2. Workflow Engine and JSON API format

  • Using the Flask Web server/SQLAchemy/Python to create the API route and JSON data for data visualization

  • Flask API JSON Data Route: (app.py)

    • @app.route("/2018metadata")
      Return Full Inc2018 5000 JSON Metadata

    • @app.route("/2018metadata/pages/")
      Return Inc2018 5000 JSON Metadata by page, when num=0 return full data

    • @app.route("/2018metadata/<filter_name>")
      Return filtered Inc2018 5000 JSON Metadata

    • @app.route("/2018metadata/plot/<plot_name>")
      Return filtered Inc2018 5000 JSON Metadata for plotting

    • @app.route("/rank/<ranking_number>")
      Return ranking query JSON data

    • @app.route("/state_s/<state_s>")
      Return State query JSON data

    • @app.route("/state_l/<state_l>/<page_num>") Return State long name data by page

    • @app.route("/city/< city>/<page_num>") Return city data by page

    • @app.route("/years_on/<yrs_on_list>")
      Return years on the list query JSON data

    • @app.route("/years_on/<yrs_on_list>/<page_num>")
      Return years on the list query JSON data by page

    • @app.route("/founded_year/< founded>")
      Return founded year query JSON data

    • @app.route("/founded_year/< founded>/<page_num>")
      Return founded year query JSON data by page

    • @app.route("/industry/< industry>/<page_num>") Return industry data by page

    • @app.route("/industry_growth_rev") Return growth/revenue data groupby industry

    • @app.route("/topten_cities") Return top ten cities

    • @app.route("/topten_companies") Return the top ten companies

    • @app.route("/growth_rev_state") Return growth/revenue data groupby states

  • API JSON Data Format
    json_format

3. Data Visualization

  • Explore the Geo-location relation with the fastest growing private companies.

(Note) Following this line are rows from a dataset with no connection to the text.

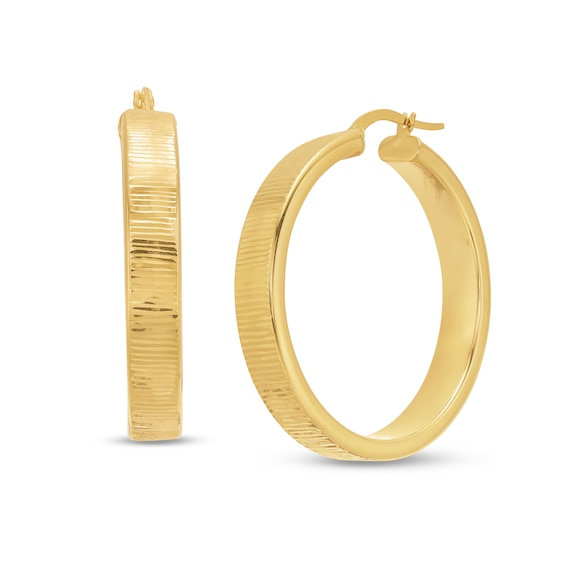 Diamond-Cut 6.0mm Oval Hoop Earrings in Hollow 14K Gold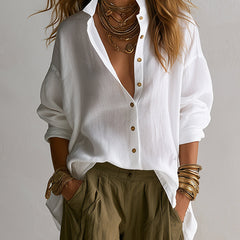 Two-piece linen set: white linen blouse with gold buttons over olive drawstring pants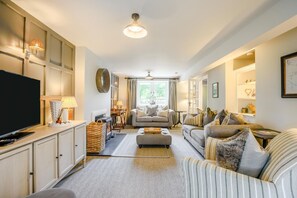 A spacious living room with a television, sofas, a fireplace, and a ceiling fan. - 3 Bed in Barbon (oc-b33652) (Barbon)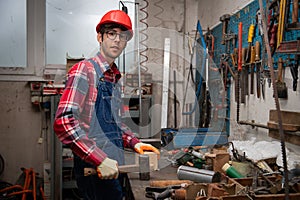 Portrait of a worker in a factory with working tools in the workbench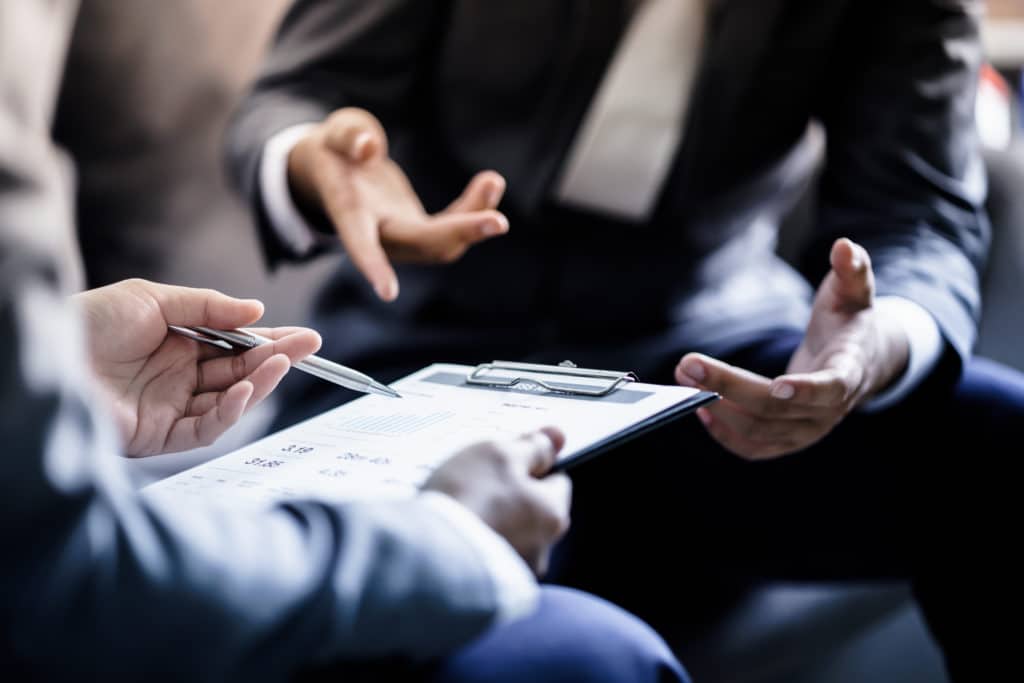 Business,partners,discussing,documents,and,ideas,at,meeting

    • States views of the companies
    • City views of companies
    • Industry-related views of companies
    • Revenues-related views of companies
    • Distribution companies by different filters
  • Explore the individual company information

    • Visualization the company basic information
    • Headcount/Revenue/Years on the list/CEO
    • Website information

4. Data Visualization Website and Dashboard

  • Dashboard

    • Overview the whole dataset:Geo Information/Industry Information/Top Cities and Top companies
    • Full List dash
  • Company Profiles

    • Choose the rank/city/state/founded year and years-on-list to get detailed information profiles
  • Industry Charts

    • Choose the industry sector/city/state/founded year and years-on-list to get industry-based growth and revenue information industry
  • Location Charts

    • Choose the city/state/founded year and years-on-list to get loaction-based information location
  • Table List

    • Choose the industry/city/state/founded year and years-on-list to full raw data table by page table
  • Maps

    • Display all Geo information and related Growth and Revenue information map

5. Deployment Notes

  • Initialization Database: Set the primary key before the deployment.

    - $heroku pg:pgql
    - $ALTER TABLENAME ADD PRIMARY KEY (key_name);
    
    
  • PostgreSQL Heroku deployment

    Create postgreSQL db
    - $heroku addons:create heroku-postgresql:hobby-dev
    - $heroku pg:info
    Push local DB into Heroku
    -$ heroku pg:push mylocaldb HEROKU_POSTGRESQL_MAGENTA --app APPNAME
    
  • Connecting to Python

    • To use PostgreSQL as your database in Python applications you will need to use the psycopg2 package.
    import os
    import psycopg2
    DATABASE_URL = os.environ['DATABASE_URL']
    conn = psycopg2.connect(DATABASE_URL, sslmode='require')
    
  • Fully Test on all browsers: Safari/Chrome/Firefox/IE to solve the compatiable issues

  • Git Process

  - git add .
  - git commit -am "note"
  - git push
  - git push heroku master